WORK TASK ▸
The answer is a stretch of the material below, returned exactly: the line containing "Предварительный просмотр 63", the line containing "卷烟厂联合工房A标段钢筋工程施工方案.doc_第3页", and all lines between.

DATA TO EXAMINE ▸
◇ ◇ ◇ ◇ ◇ ◇ ◇

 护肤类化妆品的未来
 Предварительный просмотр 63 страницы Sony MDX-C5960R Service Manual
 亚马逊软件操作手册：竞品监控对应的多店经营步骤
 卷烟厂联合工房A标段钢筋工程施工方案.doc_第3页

◇ ◇ ◇ ◇ ◇ ◇ ◇

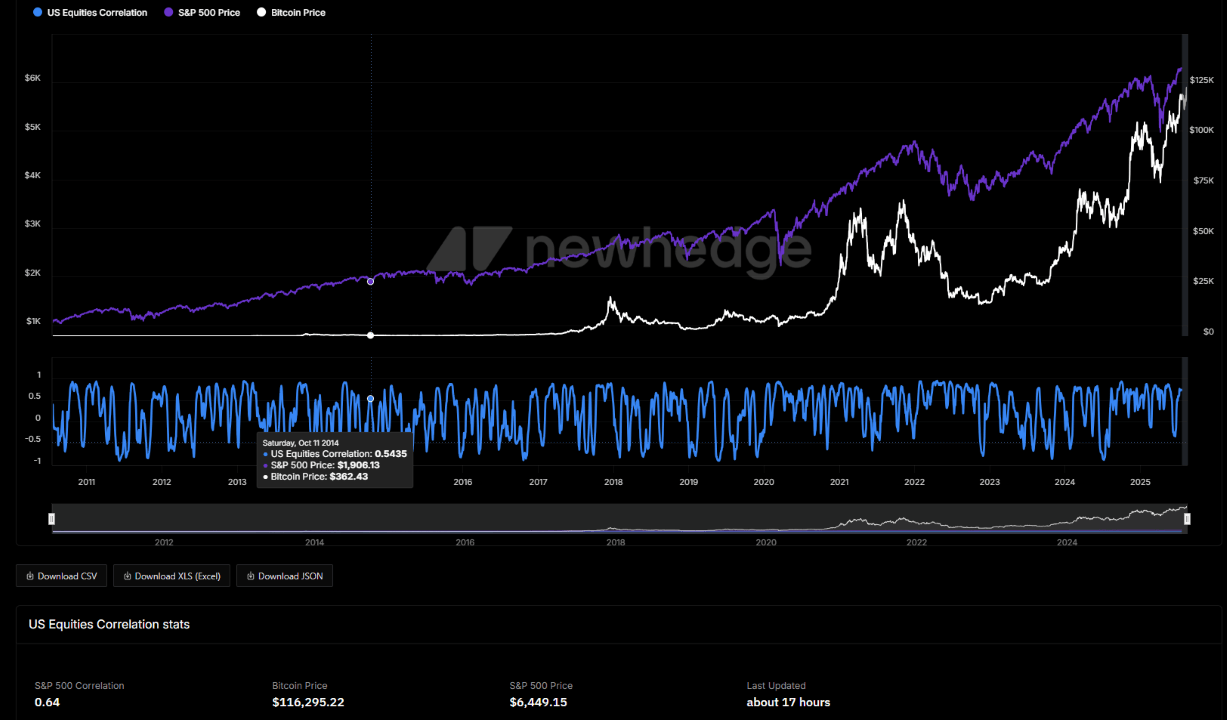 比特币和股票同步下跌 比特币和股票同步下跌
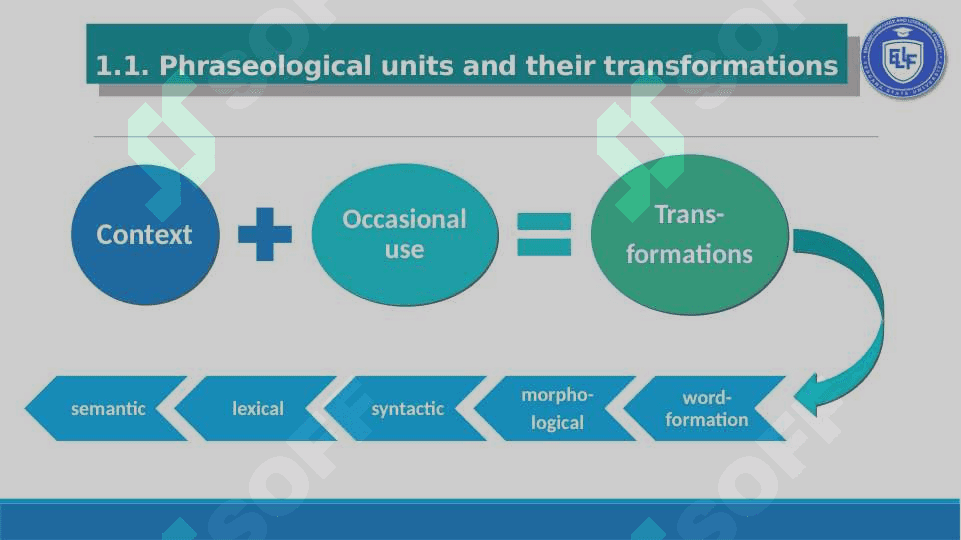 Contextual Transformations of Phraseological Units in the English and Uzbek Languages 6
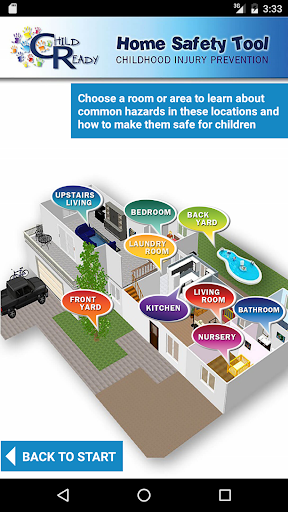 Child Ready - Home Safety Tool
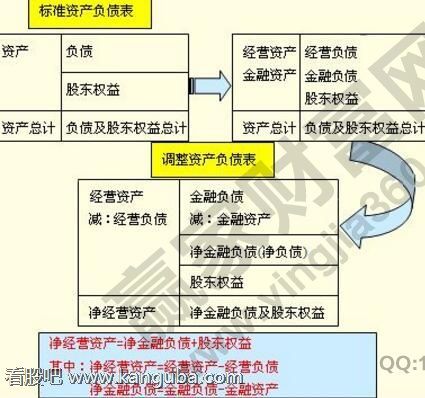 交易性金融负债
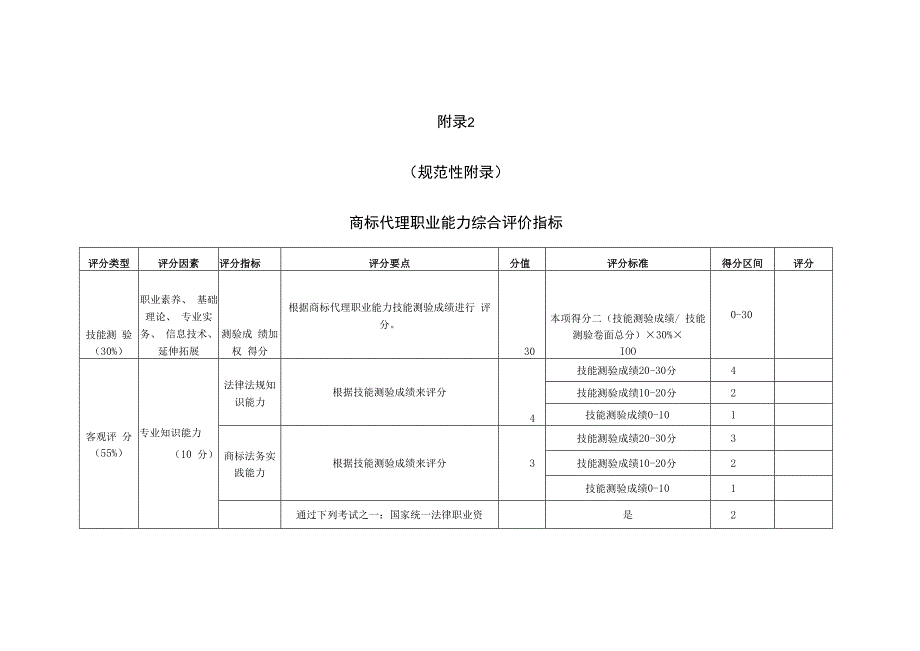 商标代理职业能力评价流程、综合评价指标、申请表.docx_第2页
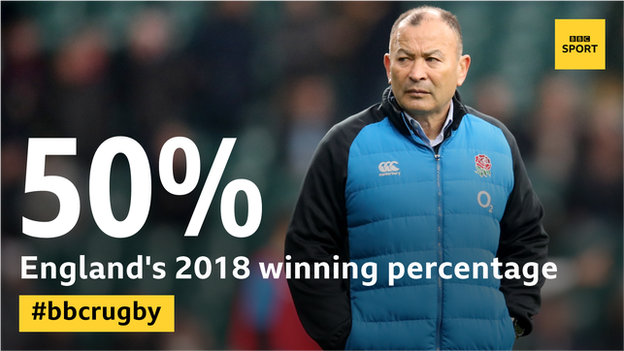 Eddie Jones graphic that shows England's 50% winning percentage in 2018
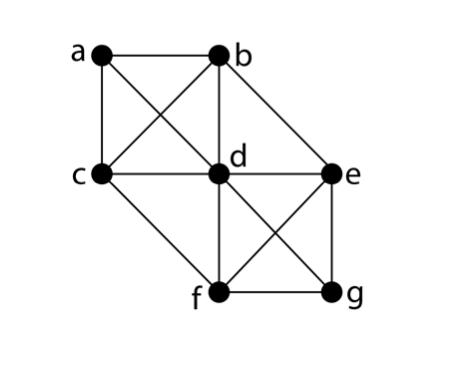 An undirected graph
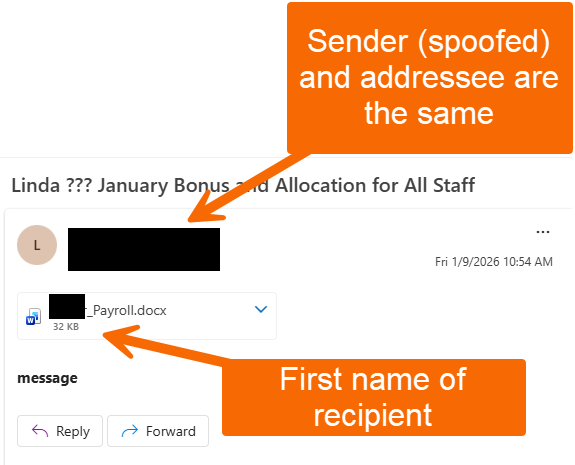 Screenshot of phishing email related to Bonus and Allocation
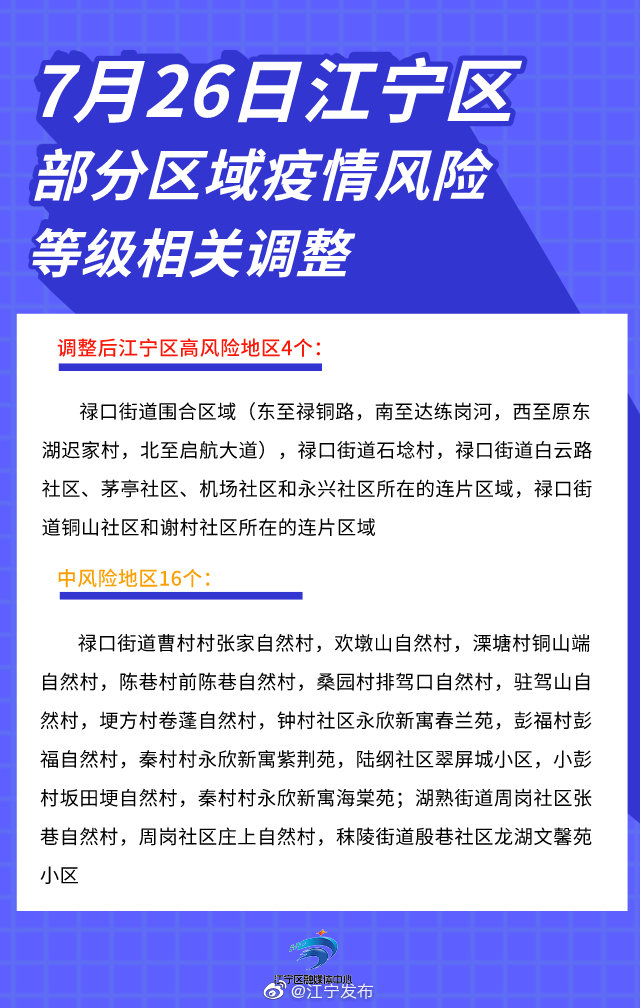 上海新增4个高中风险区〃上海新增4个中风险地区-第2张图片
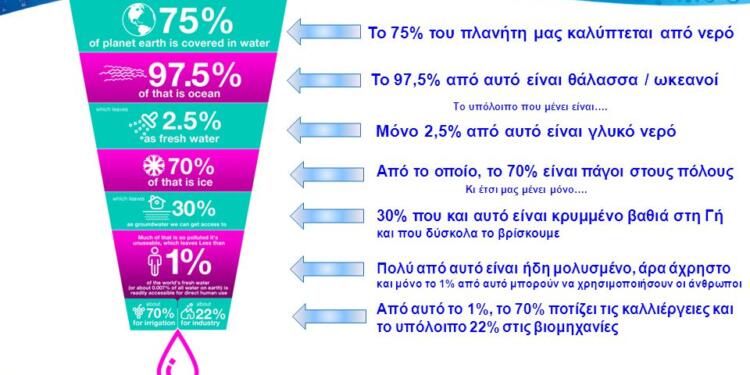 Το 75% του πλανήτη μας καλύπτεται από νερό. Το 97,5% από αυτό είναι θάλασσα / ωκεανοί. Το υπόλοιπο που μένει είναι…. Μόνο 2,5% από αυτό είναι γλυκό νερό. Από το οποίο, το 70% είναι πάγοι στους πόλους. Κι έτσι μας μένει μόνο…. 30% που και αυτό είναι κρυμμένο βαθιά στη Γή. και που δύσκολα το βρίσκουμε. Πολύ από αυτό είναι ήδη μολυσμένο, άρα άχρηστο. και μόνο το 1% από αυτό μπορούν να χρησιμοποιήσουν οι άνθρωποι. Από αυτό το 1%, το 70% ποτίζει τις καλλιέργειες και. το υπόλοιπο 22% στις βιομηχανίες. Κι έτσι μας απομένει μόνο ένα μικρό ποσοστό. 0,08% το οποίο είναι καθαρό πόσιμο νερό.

◇ ◇ ◇ ◇ ◇ ◇ ◇

RESPONSE AREA ▸
 Предварительный просмотр 63 страницы Sony MDX-C5960R Service Manual
 亚马逊软件操作手册：竞品监控对应的多店经营步骤
 卷烟厂联合工房A标段钢筋工程施工方案.doc_第3页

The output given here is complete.